2.2. Using Efficiency to Evaluate Innovation

Innovation is fundamental to achieving improvements in living standards, and this has influence on individuals, institutions, entire economic sectors, and countries, and therefore, on sustainability. Measuring innovation and researching about this topic can help policy makers to evaluate the effectiveness and efficiency of their policies. In that sense, the measurement of innovation allows us to understand social and economic changes [13].

“Innovation drives growth and helps to address social challenges” [1]. It is desirable that innovation pursues sustainable development and promotes social cohesion, but this is not always necessarily the case. In general, innovation has a positive relationship with labor demand. The debate about the effect of innovation on employment distinguishes between process innovation and product innovation. Following Peters et al. [31], a process innovation theoretically leads to an increase of production efficiency. This efficiency implies the use of less inputs to produce the same outputs, so it can imply reduction in employments. However, other mechanisms, like costs and price reductions, could compensate labor demand [32]. On the other hand, product innovations seem to have a positive effect on employment [31].

Several studies carried out in recent years in Spain about the relationship between innovation and employment have been analyzed. In that sense, Harrison et al. [33], Bianchini and Pellegrino [34], and Calvino [35] found that product innovation had a positive effect on employment. Likewise, Díaz et al. [36] suggested a positive general effect of innovation on the total employment of companies across different industries, even in a crisis period. This effect was higher in high-tech industries.

In addition, innovation is a priority in the fight against climate change. In this sense, the monitoring and evaluation of innovation policies is fundamental. In order to extract information from applied policies, innovation must be measured [14].

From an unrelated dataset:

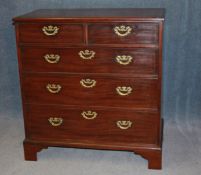 A Georgian mahogany straight front chest of drawers with 2 short and 3 long graduated drawers,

Innovation is a long and complex process that involves the phases of looking for, selecting, implementing, and capturing value. Therefore, the innovation process should be evaluated as a whole process, not only paying attention to inputs and outputs separately [37]. Assessing innovation efficiency allows us to evaluate innovation by taking both inputs and outputs into account.

A regulatory framework that supports the efficient allocation of resources and drives innovation to increase productivity and promote business growth is necessary [6]. The evaluation of the innovation efficiencies of the industrial and service sectors would lead us to know which sectors present a better innovative performance. Decision makers will be able to allocate resources optimally across both industries and service companies, identifying the strengths and weaknesses in the innovation activities.

Efficiency is related to the use of productive resources in the production process of a firm that operates according to existing technology. Efficiency is determined by analyzing the level of inputs that a firm uses to produce goods and services and the level of outputs that the firm supplies.

The study and measurement of efficiency were formally addressed for the first time in the works of Koopmans [38], Debreu [39], and Farrell [40].

Innovation efficiency is related to the concept of productivity. Shin et al. [10] mentioned that it used to be defined as “the ability to translate innovation inputs into innovation outputs.” Innovation efficiency is improved when, with the same amount of innovation inputs, more innovation outputs are generated or when less innovation inputs are needed to generate the same amount of innovation outputs [7]. Cruz-Cázares et al. [4] defined the technological innovation efficiency of a firm as the relative capability to maximize innovation outputs given a certain quantity of inputs.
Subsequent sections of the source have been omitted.